• Problem description:
Please output the entries that follow exactly, without a single image.

Image-caption web data
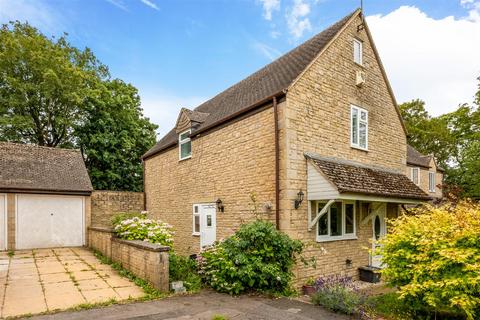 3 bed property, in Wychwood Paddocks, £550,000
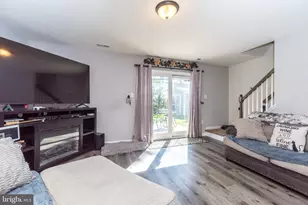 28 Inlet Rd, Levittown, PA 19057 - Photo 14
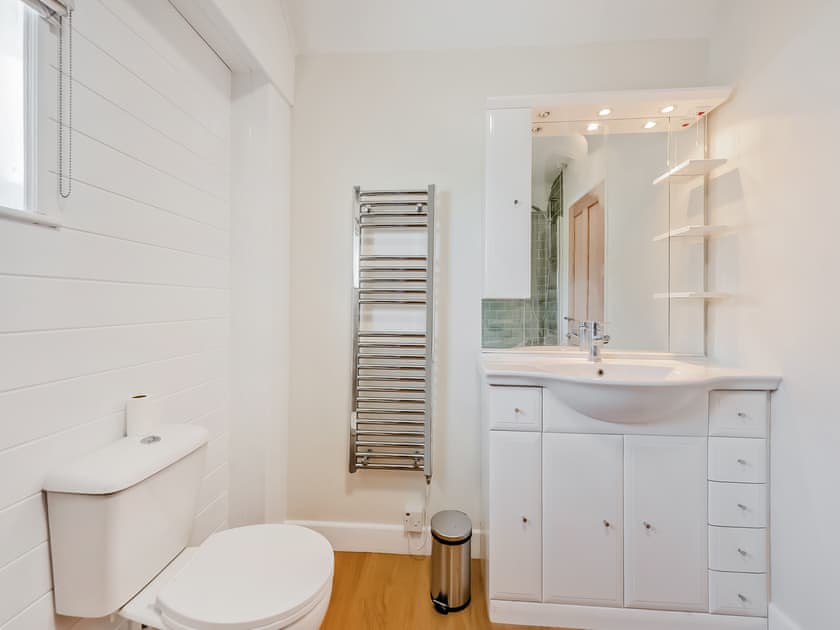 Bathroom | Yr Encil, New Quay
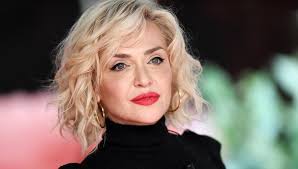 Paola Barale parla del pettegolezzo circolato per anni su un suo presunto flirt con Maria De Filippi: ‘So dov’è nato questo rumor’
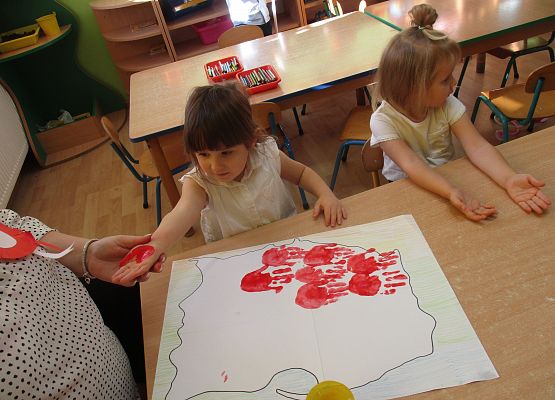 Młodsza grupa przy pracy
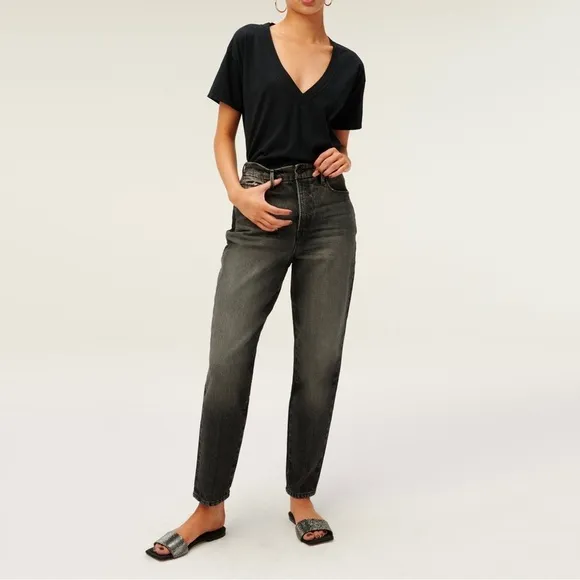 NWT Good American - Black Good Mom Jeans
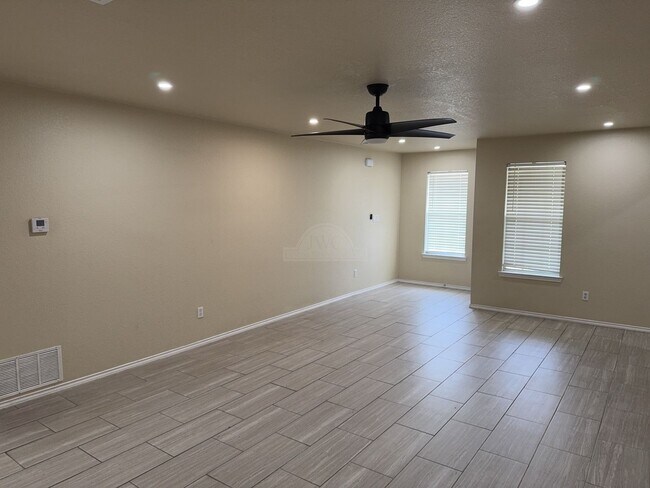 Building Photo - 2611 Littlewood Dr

• Solution to this exercise:
 3 bed property, in Wychwood Paddocks, £550,000
 28 Inlet Rd, Levittown, PA 19057 - Photo 14
 Bathroom | Yr Encil, New Quay
 Paola Barale parla del pettegolezzo circolato per anni su un suo presunto flirt con Maria De Filippi: ‘So dov’è nato questo rumor’
 Młodsza grupa przy pracy
 NWT Good American - Black Good Mom Jeans
 Building Photo - 2611 Littlewood Dr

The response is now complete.